The answer must be an exact reprint of the lines from the one with "Gollum screenshot showing" through the final line of the data, with no pictures included.

Given information: Begin

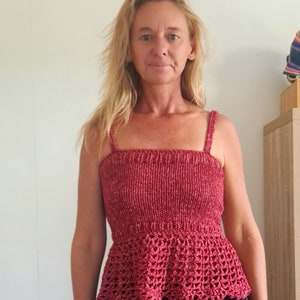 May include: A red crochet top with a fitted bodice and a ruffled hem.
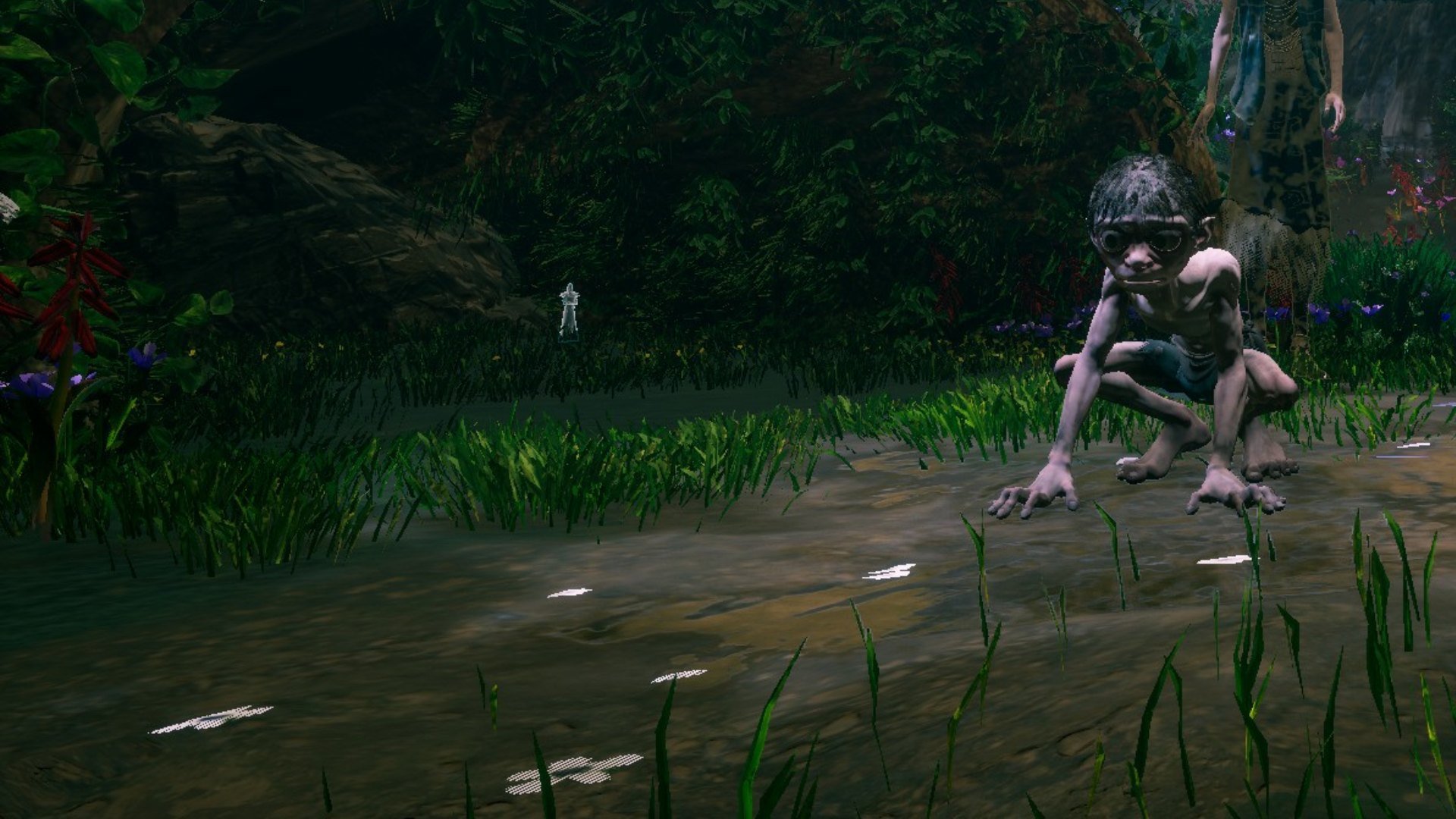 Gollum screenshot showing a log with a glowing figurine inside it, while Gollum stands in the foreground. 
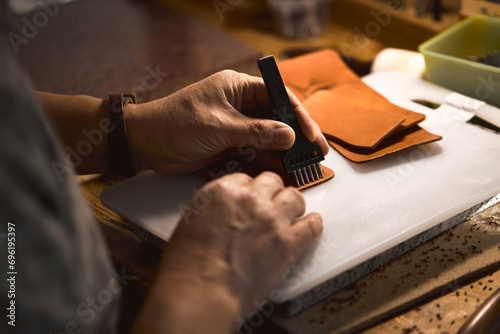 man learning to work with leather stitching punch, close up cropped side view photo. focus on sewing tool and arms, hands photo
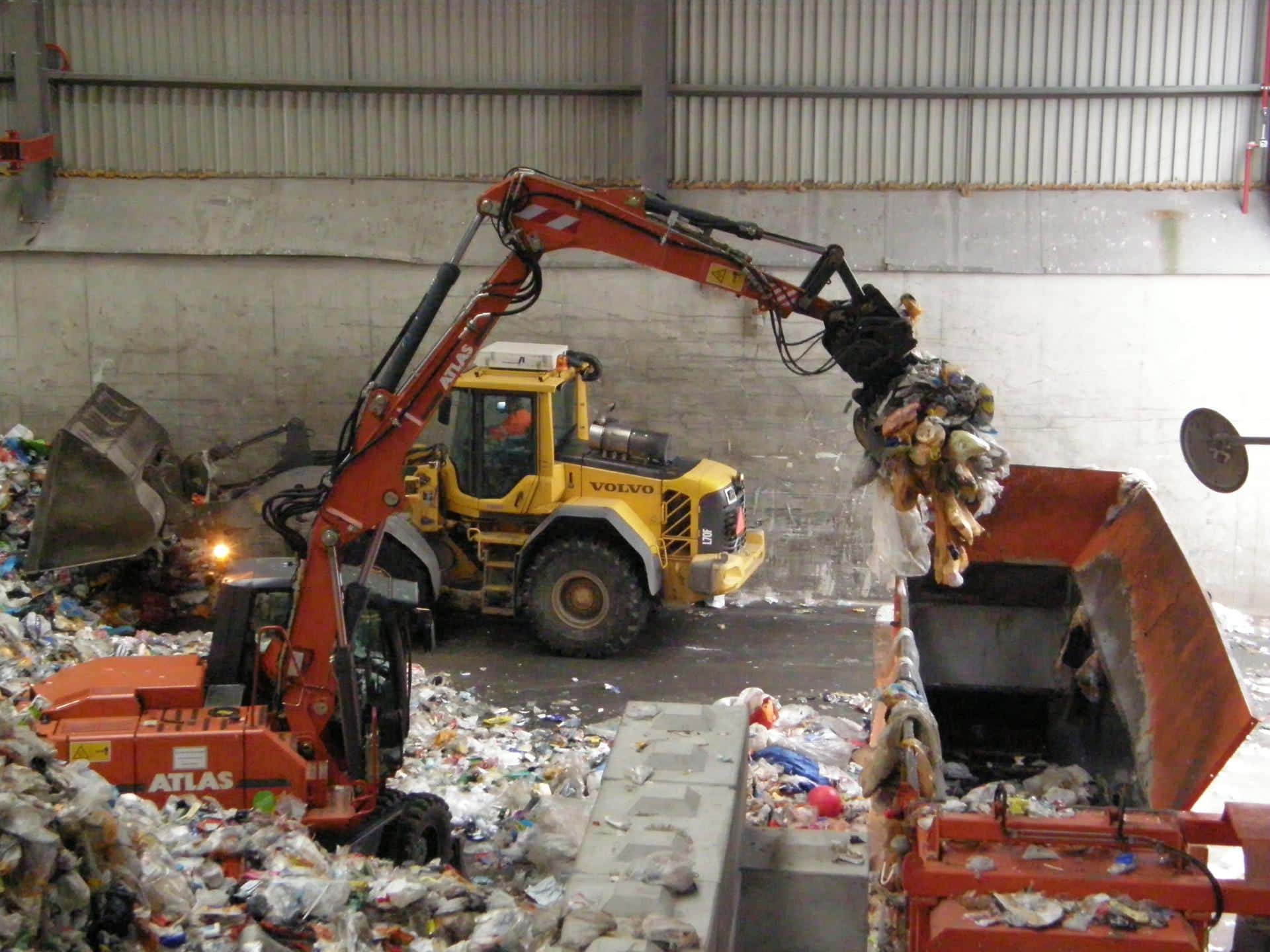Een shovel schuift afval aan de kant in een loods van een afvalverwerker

Given information: End

• [Expected output]
 Gollum screenshot showing a log with a glowing figurine inside it, while Gollum stands in the foreground. 
 man learning to work with leather stitching punch, close up cropped side view photo. focus on sewing tool and arms, hands photo
Een shovel schuift afval aan de kant in een loods van een afvalverwerker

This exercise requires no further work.